Words BELIEF DEFECT
There has always been a pleasure in re-purposing found sound—specifically vocal samples—and using them in them in a disjointed context in the hopes that listeners do a double take.
This exercise is clearly linked to the first time a preacher ranting over synths and drums is heard over loud speakers or you recognize horror film dialogue someone lifted in one of the countless records from the ’80s onward.
Its efficiency is undeniable: that angry voice warning us sinners, fighting to be heard through the noise and beats is simultaneously a parody, a social critique, and inside joke.
The following is the backstory of some of the samples scattered through out our Decadent yet Depraved album and what their relevance is, if any….
As luck or probability might have it, a friend downloaded a recording of Aleister Crowley performing a Thelemic ritual to the studio computer as part of a year long conversation we’v been having about disturbing recordings, mostly found on YouTube.
Sadly, In the case of Crowley, if unaware of the recording´s origin and protagonist, it is likely to be dismissed as a weak attempt at an occult ceremony performed by a reluctant leader chanting giberish made up on spot in a honky nasal voice.
Months later it proved handy when trying out an FFT processor and how far it could bend audio but Crowleys chanting still had to be pitched down and reversed to at least meet the standards of all respectable “demonic hidden message” to be warned about.
This became the singing on “Unnatural Instinct”.
The Conduit’s moans and gasps are also the consequence of said exchange, and an interesting listen in its original form. There are a few versions of the recording’s origin story—all of them third hand at best and all of them irrelevant—but the one shared here is the reason people search for the others.
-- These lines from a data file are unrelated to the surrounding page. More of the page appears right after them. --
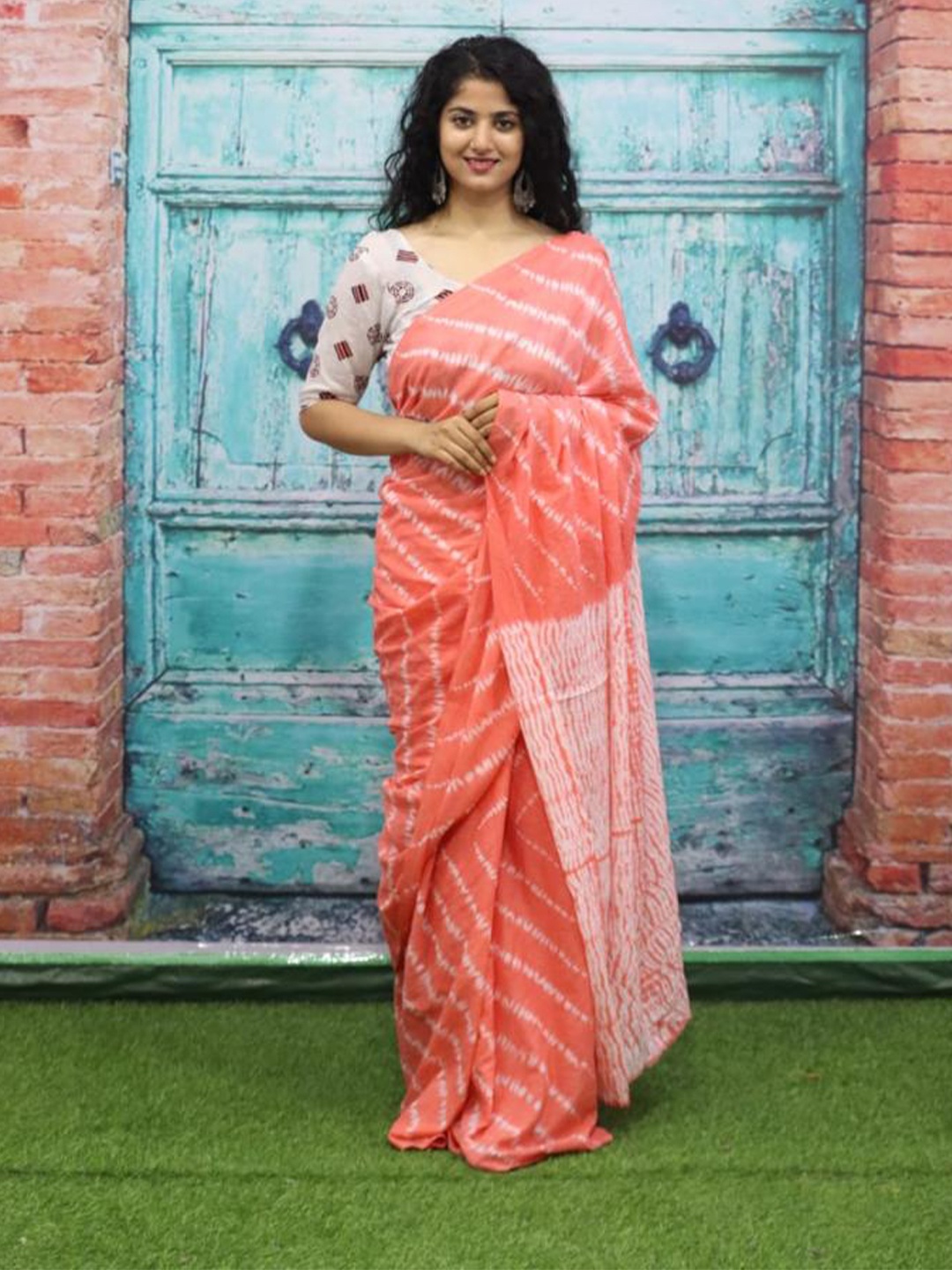 

clothonus Tie & Dye Pure Cotton Block Print Saree, Pink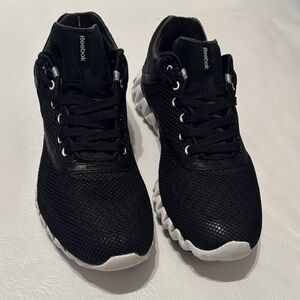 Reebok Zignano Women’s Black and White Athletic Shoes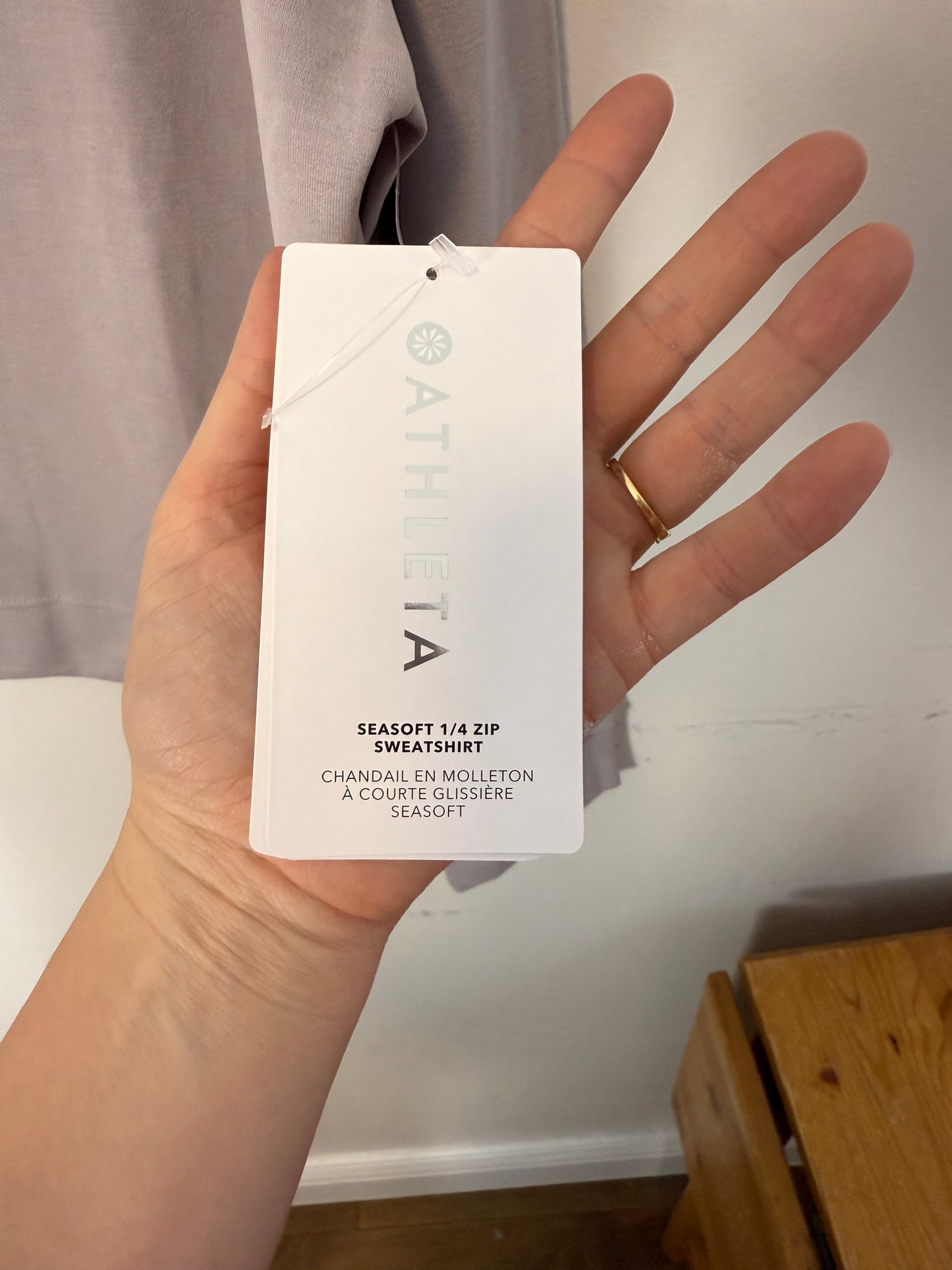 Athleta "Seasoft 1/4 Zip Sweatshirt in Quartz" (Size L)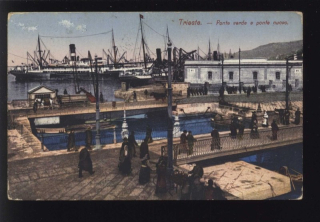 Trieste. Ponte verde e ponte nuovo. (přístav)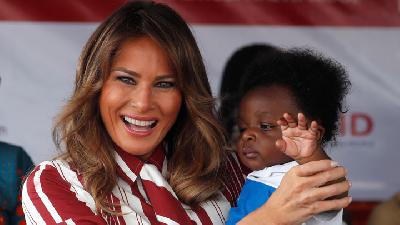 Kedekatan Melania Trump dengan Anak-anak Saat Kunjungi Ghana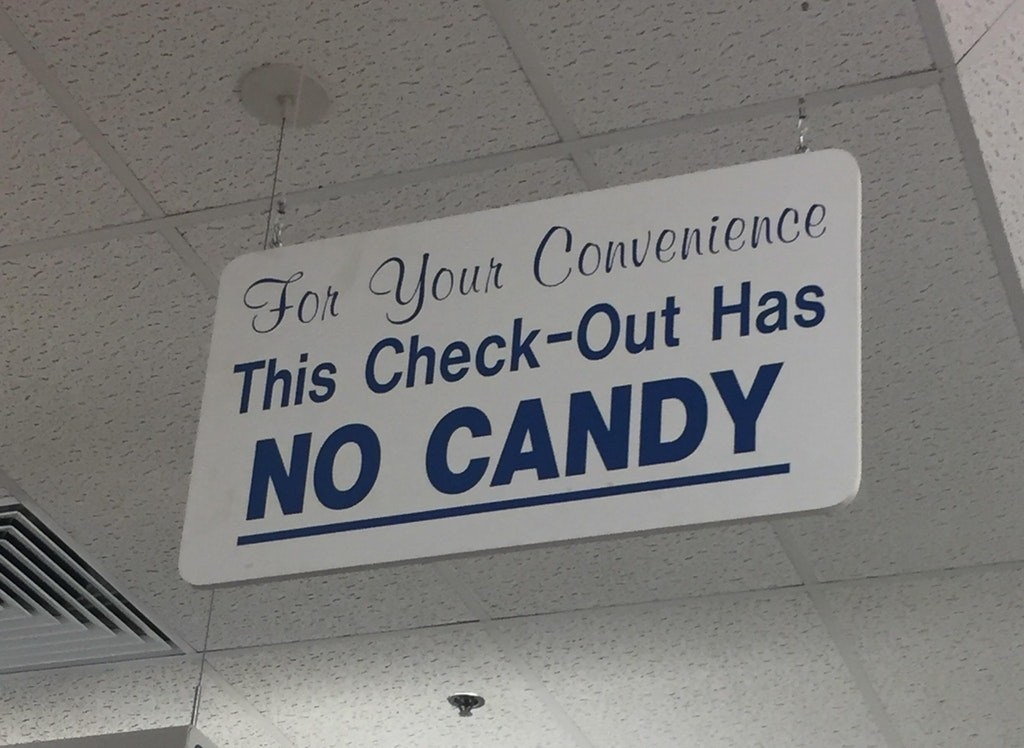 A sign for a checkout lane with no candy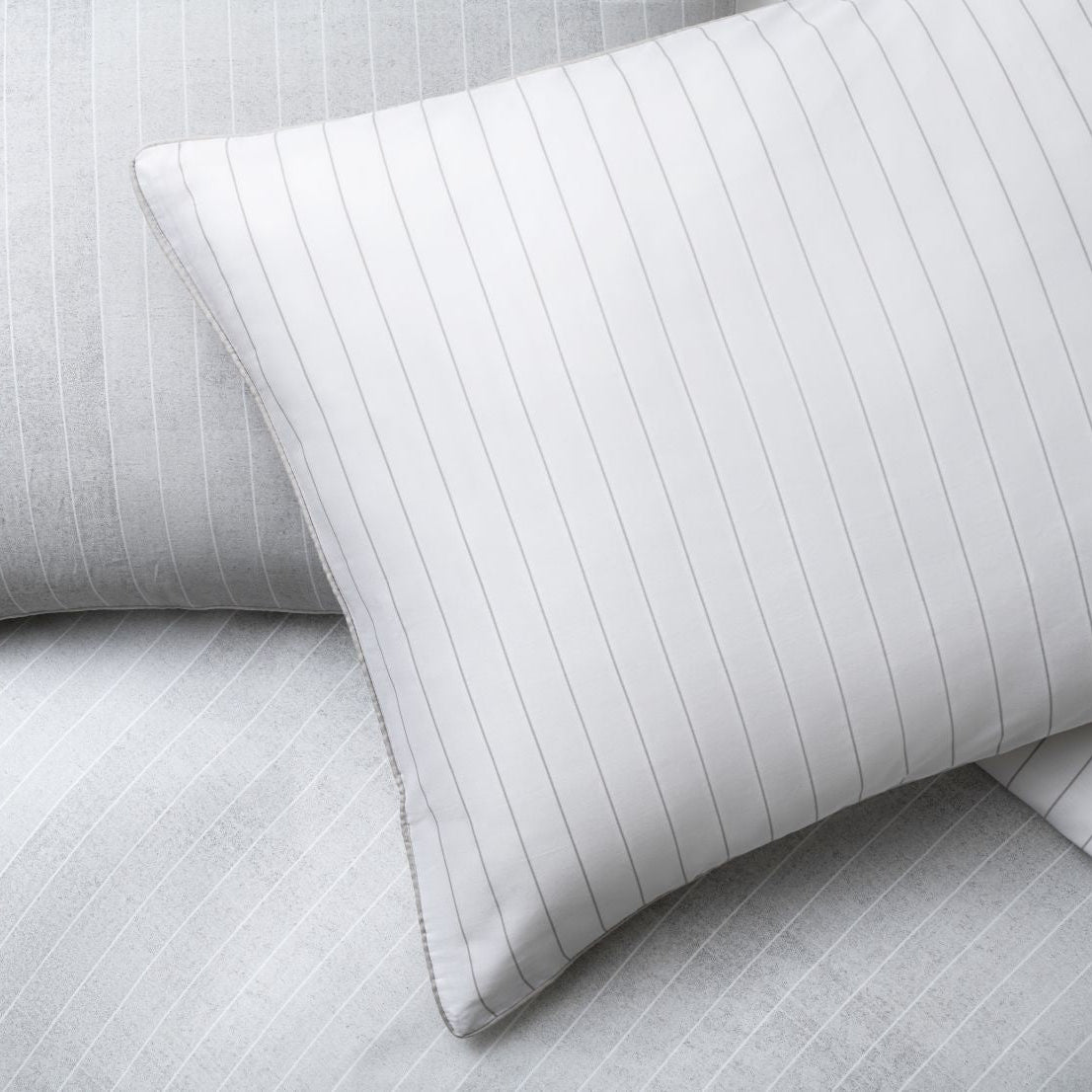 Aura Home Wesley Duvet Set- Grey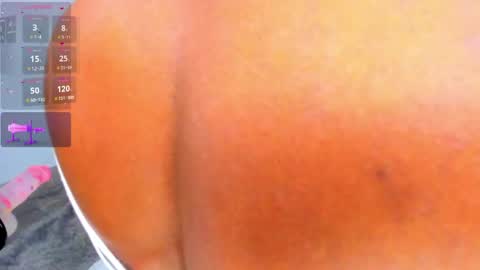 Snapshot of juicy_sky chatting on May 2026 07:36:02 AM Your Paradise online show from May 2026 07:36:02 AM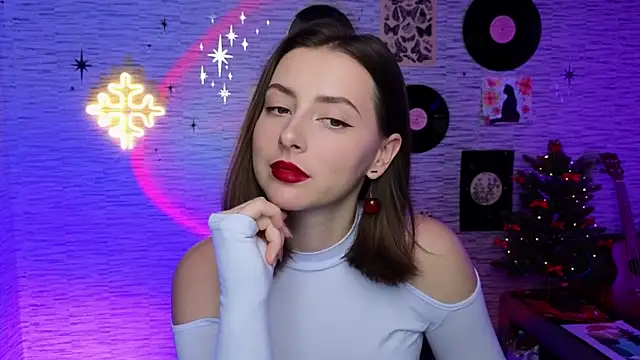 Snapshot of GloriaElmer chatting on December 12, 2024, 12:22 pm GloriaElmer online show from December 12, 2024, 12:22 pm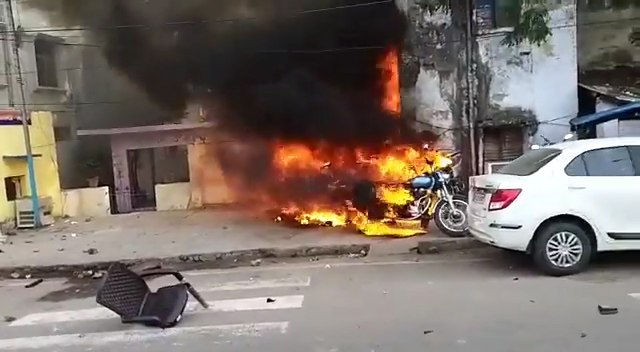 लखनऊ में हिंसक प्रदर्शन, पुलिस चौकी में लगाई गई आग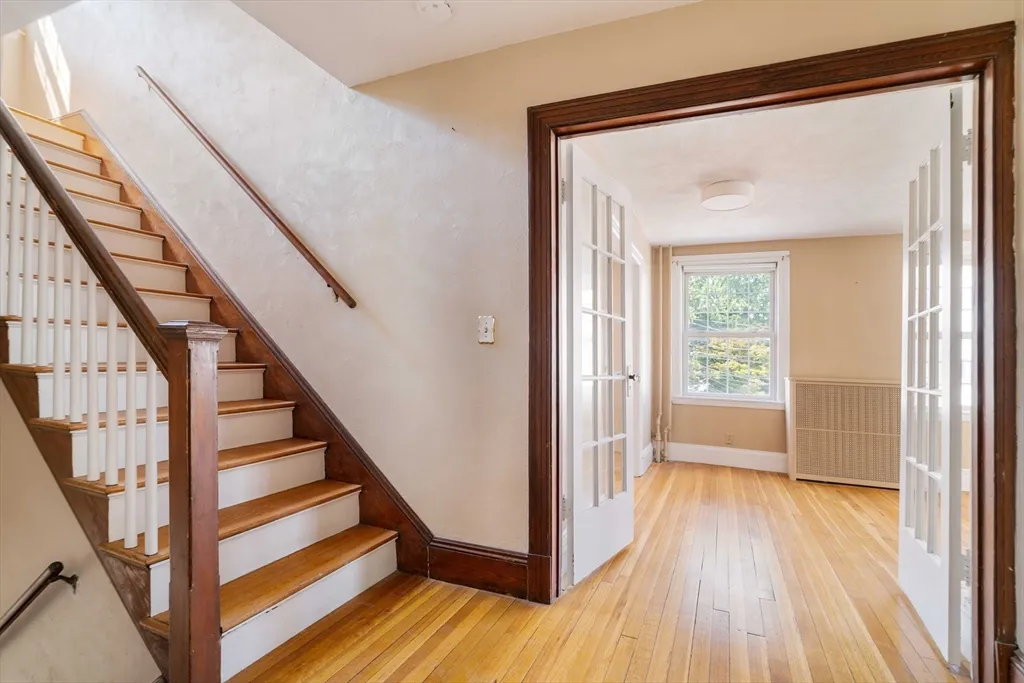 4 bed, 1 bath apartment for rent at 18 Newcastle Rd Unit 2, Brighton — photo 4 of 39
The WKCR hijacking happened in 95 when their broadcast was interrupted by an outside signal with screeching voices that could easily pass as an emergency siren, followed by heavy breathing and moaning, culmminating with two voices in unison reciting obituaries including Robert Oppenheimer’s, to then cut off to the disc jockey talking, unaware of what happened on air.
Also making a cameo on “The Conduit” is more unintelligible noise taken from the CIA’s “Wondering Soul” program. It was utilized during the Vietnam War, when U.S. helicopters equipped with loudspeakers flew over the jungle at night playing sound effects and voices claiming to be the dead family members of the People’s Army, telling them to surrender.
No Future’s samples came out of fooling around with a watered-down Buddhist motivational speaker, persuading his listeners to “live in the now”. The instructions were rearranged into the opposite approach to the same message in an attempt at levity. The monotone robotic delivery of the voice though was preserved in its original form.
Worth mentioning is the actual blood, sweat, singing, and writing documented in this record—where drunk intonations felt like the logical conclusion to a night long’s failed attempts to develop a sketch beyond its short lived potential. Or that anger, nurtured since puberty, when you realized everyone might be mistaken about everything, is finally pitch-shifted and compressed for maximum relief.
With some luck and the preemptive FX processing done, we feel confident the odds of being misinterpreted into deeper conclusions than intended are highly in our favor.